Below are records; the lines starting at the one with "Garden Birds Series" and ending at the one with "Rising Sun Flower Painting - Framed Print" must be reproduced exactly, both included. Pictures must not appear.

WORKING DATA Block Start

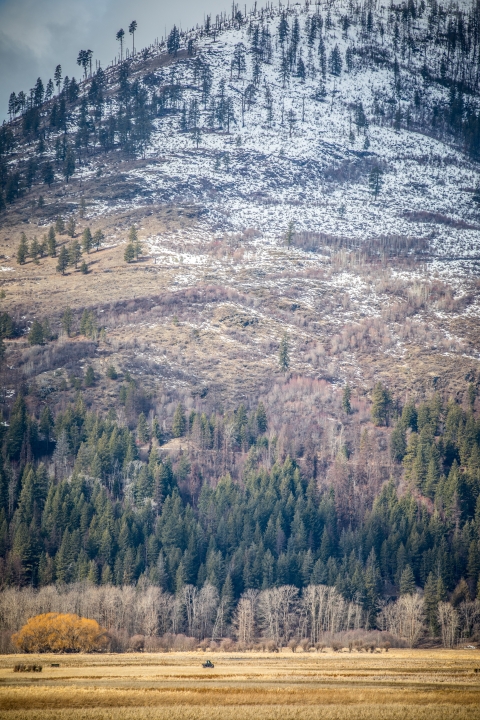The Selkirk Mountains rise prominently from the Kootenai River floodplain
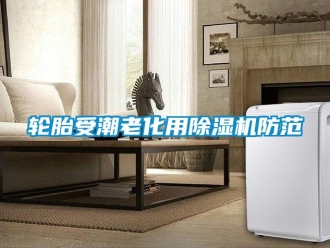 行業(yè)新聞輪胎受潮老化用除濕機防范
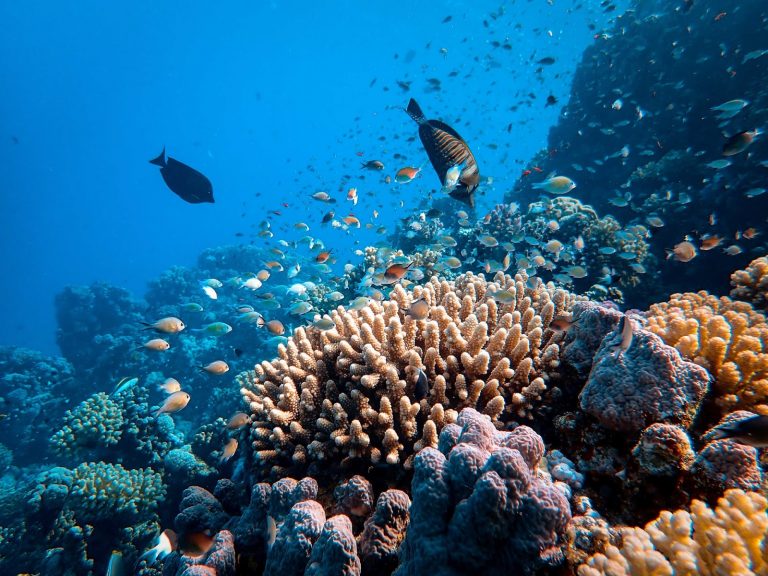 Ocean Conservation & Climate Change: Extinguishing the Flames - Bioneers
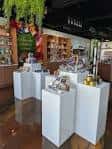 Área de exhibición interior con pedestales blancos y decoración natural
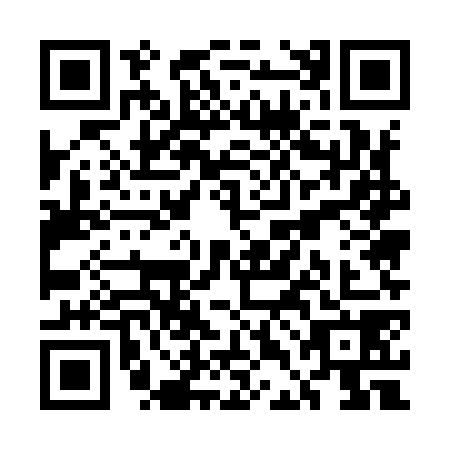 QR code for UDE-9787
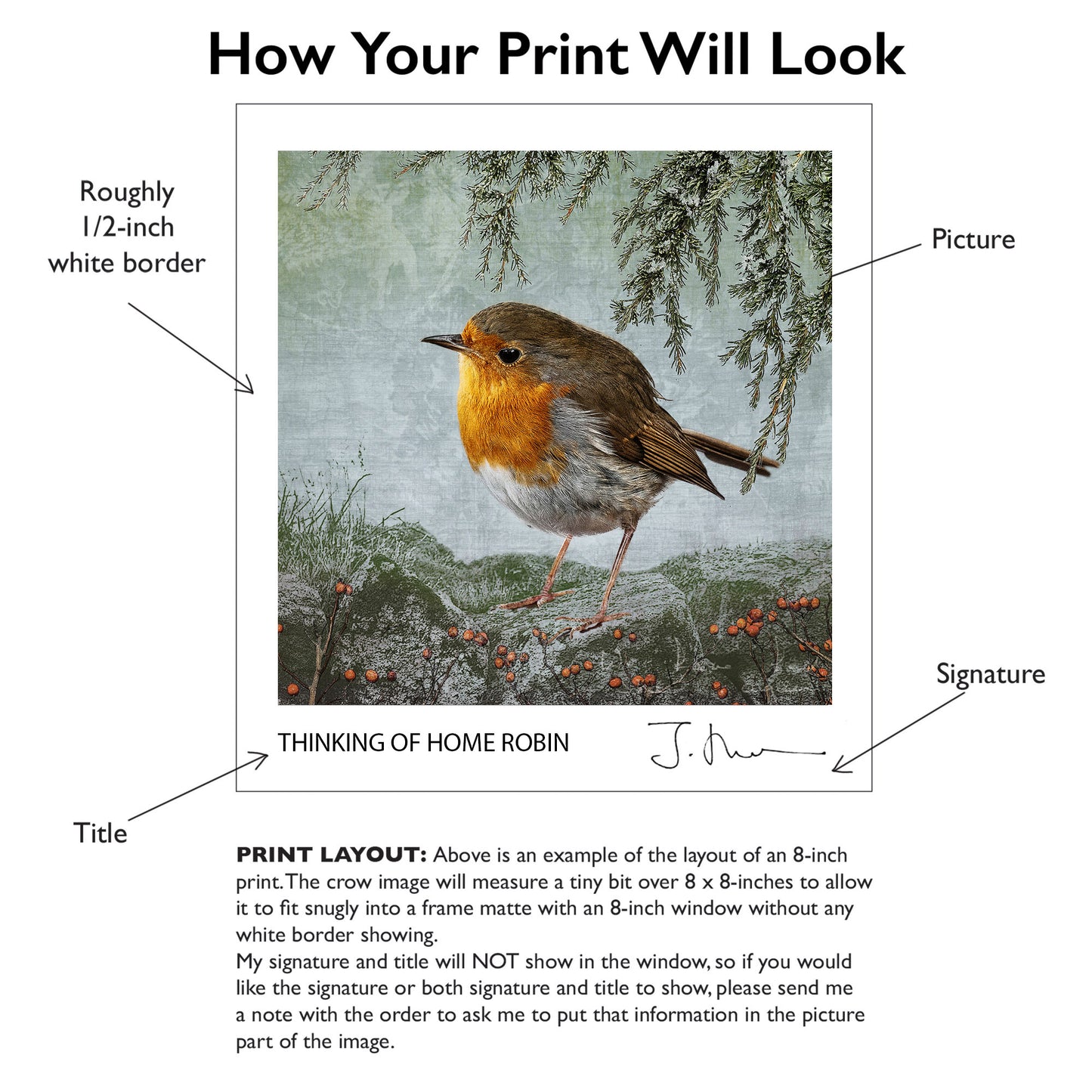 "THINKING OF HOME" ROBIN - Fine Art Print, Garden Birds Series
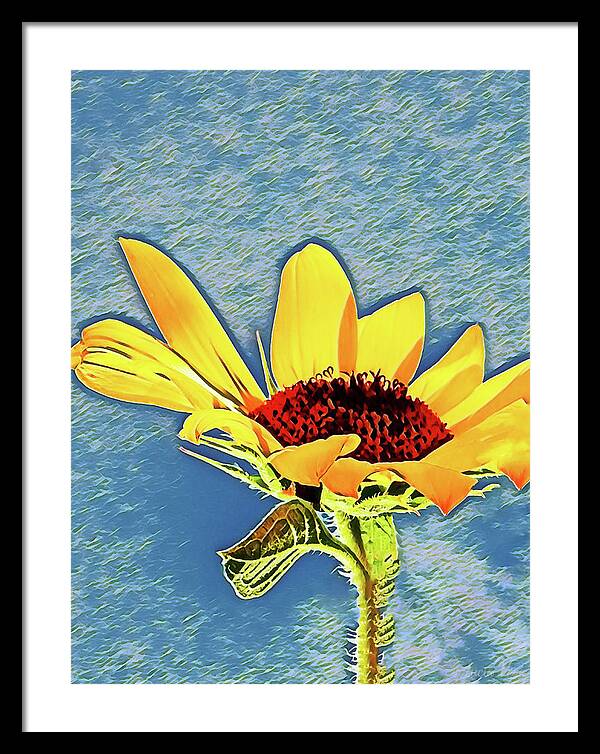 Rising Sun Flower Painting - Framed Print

WORKING DATA Block End
WORKING DATA Block Start

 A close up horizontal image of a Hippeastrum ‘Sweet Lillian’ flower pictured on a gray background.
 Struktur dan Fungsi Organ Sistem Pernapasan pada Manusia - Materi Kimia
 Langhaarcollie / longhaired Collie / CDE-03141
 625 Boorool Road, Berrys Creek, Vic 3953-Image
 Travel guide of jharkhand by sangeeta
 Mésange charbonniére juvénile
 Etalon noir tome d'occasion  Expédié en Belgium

WORKING DATA Block End

> _FINAL ANSWER_:
 "THINKING OF HOME" ROBIN - Fine Art Print, Garden Birds Series
 Rising Sun Flower Painting - Framed Print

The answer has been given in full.